Recherche de bases de données accessibles au public, les chercheurs ont trouvé des traces de Candidatus Methanothrix paradoxum dans plus de 100 sites en Amérique du Nord, Amérique du Sud, Europe et Asie. L'organisme vit dans les rizières, les terres humides et les tourbières, même aussi loin au nord que l'Arctique. Il n'avait tout simplement pas été catalogué auparavant, et son métabolisme inhabituel n'avait pas été découvert.
Les chercheurs savent depuis longtemps que les zones humides sont la plus grande source naturelle de méthane sur Terre. Ils ont placé des estimations sur la quantité de méthane produite dans le monde sur la base de l'idée que seule la partie sans oxygène de toute zone humide pourrait abriter des méthanogènes.
Au cours de la dernière décennie seulement, les océanographes ont vu des preuves de la production de méthane dans l'eau oxygénée, et a surnommé le phénomène le "paradoxe du méthane, " mais aucun micro-organisme n'a été trouvé responsable.
Le microbe des zones humides nouvellement découvert est le premier organisme de ce type jamais découvert. C'est pourquoi Wrighton et son équipe l'ont nommé Candidatus Methanothrix paradoxum.
Les chercheurs ne s'attendaient pas à faire cette découverte particulière en novembre 2014, lorsqu'ils ont collecté des échantillons de sol sur des sites autour de la réserve nationale de recherche sur l'estuaire d'Old Woman Creek, une zone humide d'eau douce de 573 acres sur la pointe sud du lac Érié près de Huron, Ohio. Leur objectif était de cartographier le métabolisme des microbes qui y vivaient, pour mieux comprendre comment le méthane était produit en général.
Lorsque le doctorant Jordan Angle a analysé les échantillons, il trouva quelque chose d'étrange :les sols riches en oxygène contenaient plus de méthane que les sols qui manquaient d'oxygène.
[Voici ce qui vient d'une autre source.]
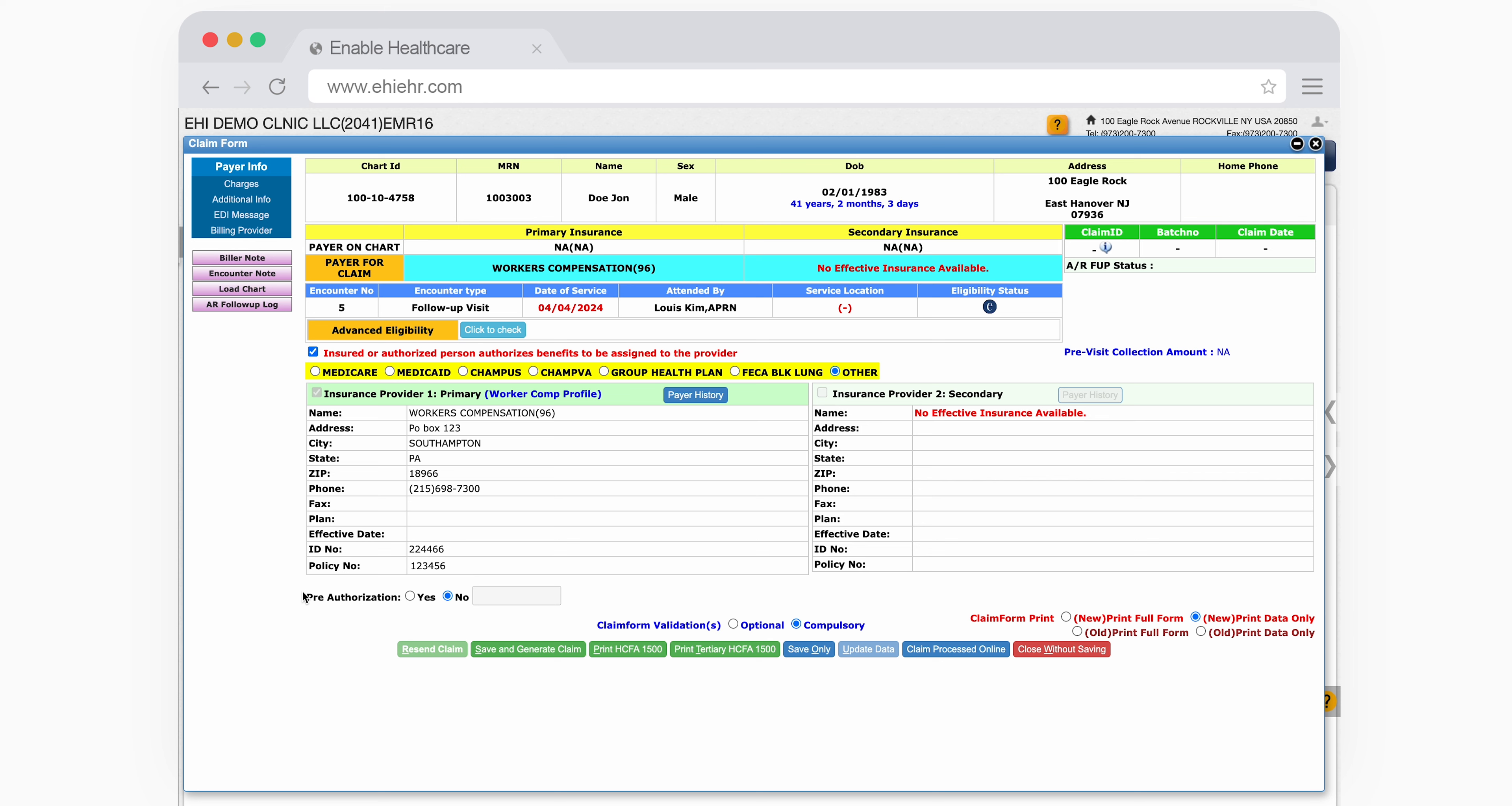Clicking on Client Escalation allows you to specify the reason why a claim hasn't been generated. For instance, it might be due to a missing policy number, incomplete diagnosis code, or you can add your own comment under Others.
"Je n'y croyais pas, et pensait qu'il avait mélangé les échantillons, " a déclaré Wrighton.
Après qu'Angle ait répété l'expérience deux fois de plus et obtenu les mêmes résultats, l'équipe est revenue sur le site pendant six mois en 2015, Avril à octobre. Ils ont trouvé que, dans certains cas, les sols oxygénés contenaient 10 fois plus de méthane que les sols non oxygénés.
Ensuite, les chercheurs ont séquencé l'ADN microbien des sols et assemblé les génomes de l'organisme le plus abondant, qui s'est avéré être le nouveau microbe producteur de méthane. Ces microbes producteurs de méthane contribuent au fait que, bien que les zones humides ne couvrent que 6 pour cent de la surface de la Terre, ils représentent environ un tiers de tout le méthane atmosphérique, estimé à 160 millions de tonnes—au moins, c'était l'estimation avant cette découverte.
Les zones humides ne sont pas les méchants de l'histoire, bien que. Ils font beaucoup de bien à l'environnement — du filtrage des contaminants de l'eau à la création d'un habitat vital pour les animaux — et ils stockent beaucoup plus de gaz à effet de serre qu'ils n'en émettent. Globalement, les zones humides séquestrent jusqu'à 700 milliards de tonnes de carbone qui, autrement, augmenteraient les températures mondiales, si c'était pour entrer dans l'atmosphère.
« Depuis la fin du XVIIIe siècle, 90 pour cent des ressources des zones humides de l'Ohio ont été détruites ou dégradées par le drainage, remplissage ou autres modifications, ", a déclaré Wrighton. "Il est impératif, en particulier pour les zones humides naturelles comme celle-ci, de préserver et de protéger ces ressources."